Thursday, December 27, 2012


Day one of equestrian at Saifi Stables.  Saifi doesn't advertise.  At the turn off the main road there are a number of road signs for everything from an Autism support site, to soccer fields, to stables, and the shooting range.  Saifi isn't on of them and I asked the owner about it.  She was honest and said they have plenty of business and don't want folks to just wander in.  They board 65 horses both school owned and privately owned, have 150 students, offer classes to all ages and abilities, and are perfectly content with their current clientele and word-of-mouth advertising.  Rebecca really liked their instructor, Bruno, and caught on quickly to posting.  Jonathon took a little longer and doesn't quite have the rhythm, but with a little focus and patience (two things he is genuinely short on) he'll get there, but he had fun anyway.  And with lessons comes horse care.  They manage tack, clean hooves, the fun stuff.

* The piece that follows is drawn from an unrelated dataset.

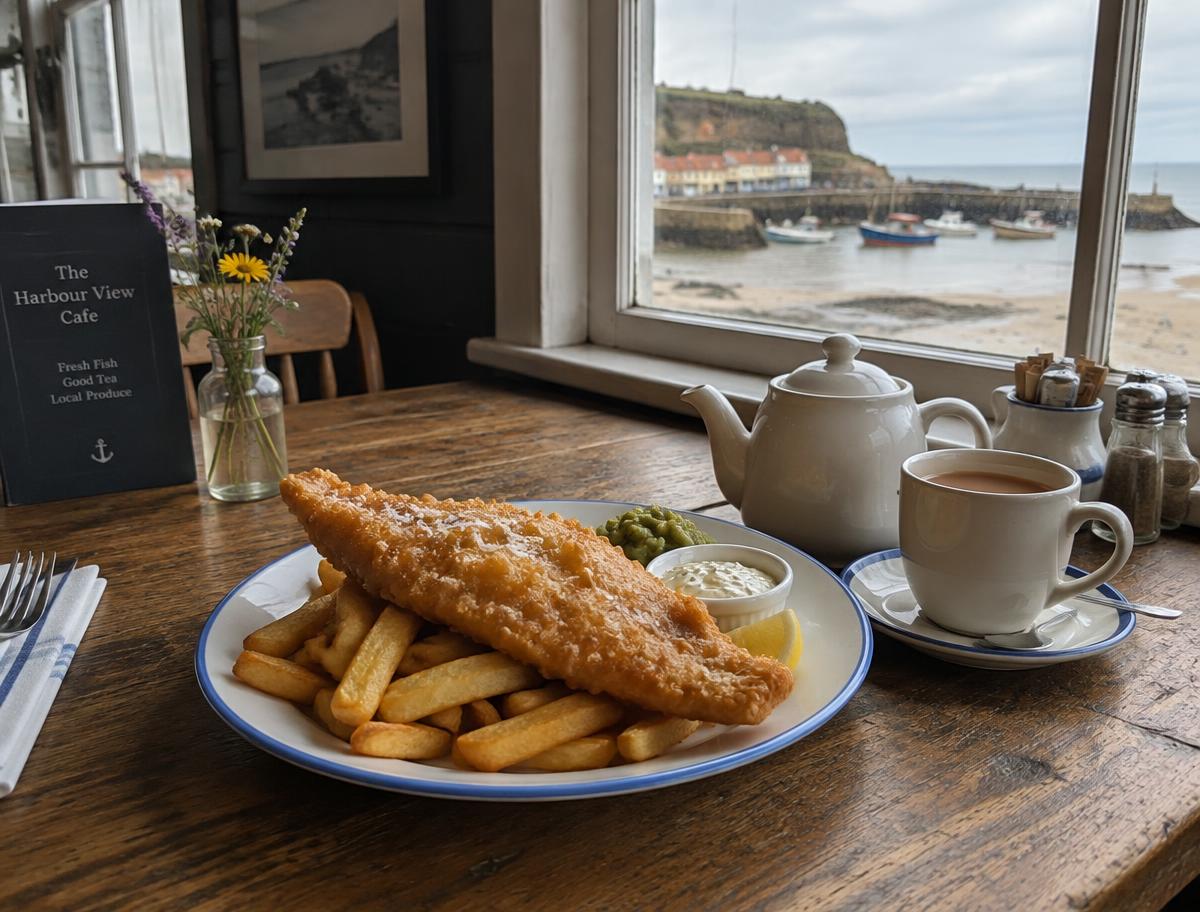 Fish and chips with a pot of tea beside a harbour window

If they stick with it, looks like we'll need to purchase a few supplies.  Boots, pants, and helmets.  Suggestions for online sites?


Jonathon, Rebecca, and teacher Bruno

After lesson time we returned home to get rid of the horsey smell, met up with Ian for lunch, and the boys spent a little more time practicing on their Ripstiks.  Rebecca gave it a whirl too.

There was minimal blood drawn, so a successful day for all.

BTW, it's December 27th and it's 57F outside during the day.  Jealous?

Wednesday, December 26, 2012

One Little Word

First, read this blog page and you'll see what it's all about:

One Little Word 2013

It's not a resolution. It's not a promise.  It's not an unattainable goal.  It's an idea.  An opportunity to focus on  small instances and change your way of thinking, change your reaction, stop and consider your options.

It's true that sometimes a word just screams at you (in a good way) and sometimes it whispers.  Either way, you know it's the one for you.  It pulls at you, it touches the thoughts and ideas that are swirling in your head, it feels right even as it feels potentially really difficult.  Look ahead at the year to come and you'll often see big decisions looming, big changes.  That one little word can help you tackle those opportunities in a new way.

This year's word is different for me.  Usually I pick something like Restraint or Patience, words fitting for a mom of four including two teen girls.  They are constant battles but since they are already in my daily list so I'm on a different angle now.

So what's your word for the year?

(You didn't think I was going to tell you mine, did you?)

Tuesday, December 25, 2012

Just the six of us.

My father already said that they'd never come to our house for Christmas (I think he's joking?) because we don't do tradition so much.  After all, for our Christmas meal today, no roast and mashed potatoes.  No spiral ham. No green beans or carrots.  No bread rolls, no cake, no anything that resembled a typical Beaulieu holiday meal.  We didn't even eat at the dining table.

Nope, our meal today was a brunch in front of the TV, the movie showing was "Elf," with a side of Buddy Special.  Buddy Special, you ask?  Oh you know what I'm talking about.  Breakfast of spaghetti noodles covered in, well, whatever awful sweet stuff you want.  Syrup, candy, marshmallows, chocolate, chocolate sauce, pop tarts... whatever.  Of course we only did small bowls, and the expectation was that if you make it, you eat it. Three of the four did, so I call the brunch experiment a success.

The sillies.
In addition to the Buddy Special, we added fried eggs, honey mustard sausage, toast, a meat roll wrapped in bread baked in the oven, and a huge pile of chocolate chip pancakes courtesy of Rebecca.  Coffee and hot chocolate rounded it all out.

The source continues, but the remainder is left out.